For three days, our boat navigated slowly through the maze of tiny islands and narrow fjords that makes up the western coast of Patagonia. Sheer cliffs and craggy peaks rose up from a dense carpet of lush green forest. The wild shore never seemed to be more than half a mile from the boat. At times, I felt that I could have reached out and picked a pebble off one of the deserted beaches.


All traces of human development soon disappeared far behind us. Less than one day out of port, I felt as if I had entered a land frozen in prehistory. A canoe full of the long extinct Kawéskar Indians could have paddled past us without looking out of place, hunting seals with whalebone harpoons or trading otter skins with passing vessels. The last few millennia could have been a mere figment of our collective imagination.


Everything was at once beautiful and desolate. The ocean was as cold and hard as steel; the climate was harsh and unforgiving. Just beyond the deserted shore, a mess of dark branches, bearded with lichen and hung with dreadlocks of green moss, formed a seemingly impenetrable barrier. There were no friendly harbours or protected bays.


Patagonia’s pioneers, when confronted with such unfettered wildness, did not like what they saw. The map in our ship’s lounge was testament to their psyche - Last Hope Sound, The Gulf of Sorrows, Useless Bay and Port Famine. Each name spoke of desperation and tragedy. It was as if nature itself had shunned their presence.


However, when viewed from the comfort of a sturdy 20th century vessel, it became an unspoiled paradise. For those hardy souls who were willing to brave the inclement weather and venture to the upper decks, some wonderful sights laid in wait.


Sea lions leapt and rolled beside our boat or sat roaring at us from the comfort of the shore. Pods of dolphins rode in our slipstream, showing off their athletic prowess to anyone who was game enough to dangle over the bough of the boat. Large white gulls and dark albatrosses hovered ominously above us, reminding me of Coleridge’s dark poem, ‘The Ancient Mariner’. We saw only one other ship during the entire voyage. For once, nature outnumbered man.


Throughout the voyage, the weather was blustery and unpredictable. Powerful westerly winds never paused for breath and thick banks of cloud tumbled through the sky, frequently swooping in low to pelt us with icy rain. Chile’s southern coast receives from 5000 to 7000 mm of rain annually; foul weather is the norm.

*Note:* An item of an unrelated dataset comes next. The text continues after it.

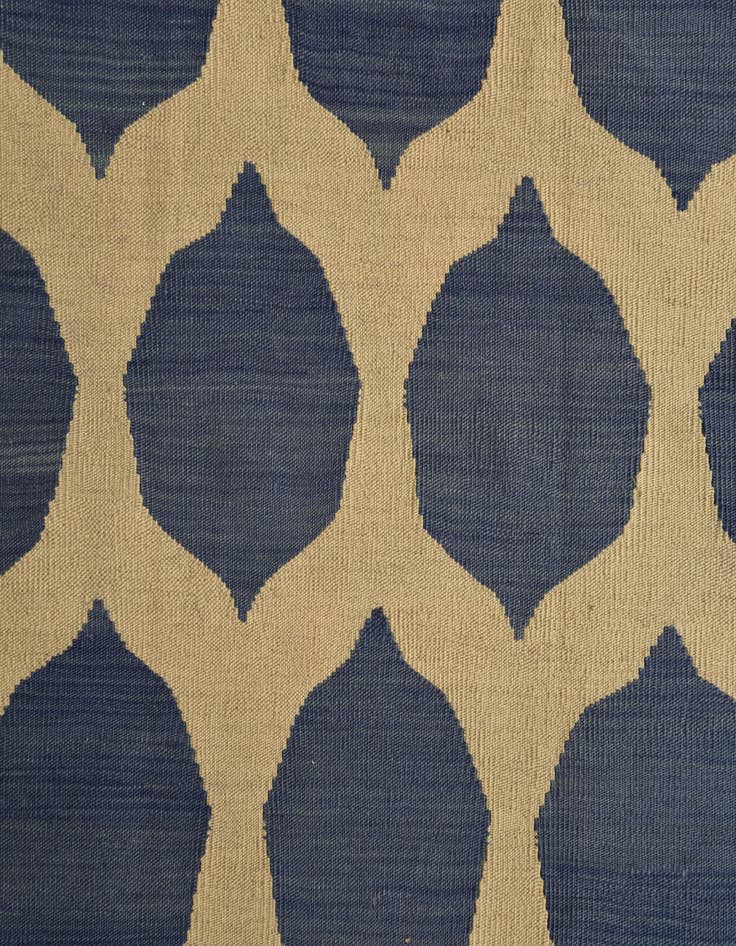 Detail image of  8' 5 x 9' 9  Hand Woven Kilim Modern Wool Rug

But during the brief periods when the sun actually broke through the clouds, a remarkable transformation occurred. Warm pockets of light flowed over the hills like liquid gold and rainbows sprang from the base of dark clouds. For a second, magical colours painted a world of grey.


The sea was calm for most of our journey. A patchwork of tiny coastal islands shielded us from any stormy waters. There was, however, one section of open-ocean known as the ‘Golfo de Penas’ – ‘The Gulf of Sorrows’, where we would be fully exposed to the violent temper of the Pacific.


The crossing started badly and got steadily worse. As the sun fell on our second night, the wind began to rise. Soon it was impossible to venture outside for the biting salt spray that was lashing the upper decks. As darkness encroached further upon us, the ocean began to roar like an enraged animal.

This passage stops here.